The Wounded Kings
In the Chapel of the Black Hand
posted on 10/2011 By:
It’s no secret that Doom Metal and its bastard children Stoner and Sludge have had a great upsurge in popularity, progression and production lately. What ten years ago was usually filled with Peaceville Three clones and weepy, melodramatic Goth-isms has risen to front and center of the modern metal scene. It’s certainly divided metal fans, that’s for sure. There are those that were never into it when it wasn’t this popular and still can’t listen to Saint Vitus without asking you to put on some Slayer. Then there are those who can listen to Sunn droning on for five hours in a row without even a bong rip.
At this point, I feel as if this band needs little introduction. If their debut In the Embrace of the Narrow House didn’t catch you, then it’s very likely that last year’s excellent The Shadow Over Atlantis did. If Embrace drew favorable comparisons to fellow UK riff lords Electric Wizard, then Shadow cemented them as a veritable Doom (with a capital D) powerhouse in their own right. There have been quite a bit of changes within the band’s camp over the last year, the most noticeable of which has to be that the King has taken a Queen.
Their new vocalist Sharie Neyland sounds like a sultry (oc)cult priestess. The kind of evil babe from Robert E. Howard stories that you'd expect to be wandering around in a neck-tied cloak, some symbolic jewelry, knee-high boots and little else. You know, the sort that you know is going to drain your blood into a bone chalice for whatever dark deity she serves, but you can't help but wish she'd drain you of something else first. In the past I’ve been a bit leery about female vocalists in metal. It’s to be expected, with what seems like more than half being posturing prima donnas or gothic wannabe starlets using sex appeal to turn a profit instead of talent or vision in a still male-dominated and sexually frustrated scene. Thank the dark lord for women like Sharie and Vanessa Nocera of Wooden Stake, among others. These ladies are bringing doom, gloom, evil and most importantly a feeling of authenticity to their metal without feeling the need to take the stage wearing a PVC bustier.
But what about the actual music, you ask? What we have here is a four-song, forty-and-change-minute-long album. Three of these tunes are over the ten-minute mark, and one is a shorter instrumental. Be warned, friends, the riffs pound and burn like the fists of an angry fire god while the rhythm section -- a pointless distinction in a doom band really -- lends a kind of tribal ritualistic atmosphere. Leads tend towards a smoky, bluesy flavor that’s all too fitting. The production is warm and fuzzy, but has excellent clarity. Little will escape your notice via audio weed-smoke and fuzz-box worship.
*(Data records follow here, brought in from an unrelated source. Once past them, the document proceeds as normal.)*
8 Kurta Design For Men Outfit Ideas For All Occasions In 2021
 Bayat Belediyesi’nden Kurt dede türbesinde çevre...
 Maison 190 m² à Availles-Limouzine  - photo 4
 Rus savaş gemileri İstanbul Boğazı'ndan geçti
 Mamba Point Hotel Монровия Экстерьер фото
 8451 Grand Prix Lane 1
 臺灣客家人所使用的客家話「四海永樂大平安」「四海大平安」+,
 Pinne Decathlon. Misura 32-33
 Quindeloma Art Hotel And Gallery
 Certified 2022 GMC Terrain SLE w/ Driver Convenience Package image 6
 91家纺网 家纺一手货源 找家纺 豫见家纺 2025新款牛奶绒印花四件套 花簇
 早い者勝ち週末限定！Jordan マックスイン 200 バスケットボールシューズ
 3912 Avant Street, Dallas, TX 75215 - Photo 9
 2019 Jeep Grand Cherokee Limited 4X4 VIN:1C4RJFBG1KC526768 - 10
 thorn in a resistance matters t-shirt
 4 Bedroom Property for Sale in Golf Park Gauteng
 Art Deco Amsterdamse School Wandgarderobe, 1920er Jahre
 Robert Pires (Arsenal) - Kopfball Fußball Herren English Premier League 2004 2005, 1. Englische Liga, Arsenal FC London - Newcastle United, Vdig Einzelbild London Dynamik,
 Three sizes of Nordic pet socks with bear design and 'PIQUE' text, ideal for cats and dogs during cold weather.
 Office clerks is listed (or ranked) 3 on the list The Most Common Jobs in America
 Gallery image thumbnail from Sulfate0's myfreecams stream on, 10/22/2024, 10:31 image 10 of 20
This album is best taken in as a whole, from the organ intro and calling upon of Dionysus -- the Roman god of getting drunk on the blood of grapes, ritually going insane and having spiritual episodes of altered consciousness -- to the final life sacrifice at the end of this dark road. It also serves to further cement The Wounded Kings as not only purveyors of fine Doom, but as one of the front-runners of the whole genre. Overall, this record is an epic triumph for these gents and lady, and stands as proof positive that previous adoration of this band is completely warranted. Do yourself a favor if you’re a fan of any kind of occult-themed heavy rock, especially if you like to get your doom on, and surrender yourself to In the Chapel of the Black Hand – you won’t be disappointed.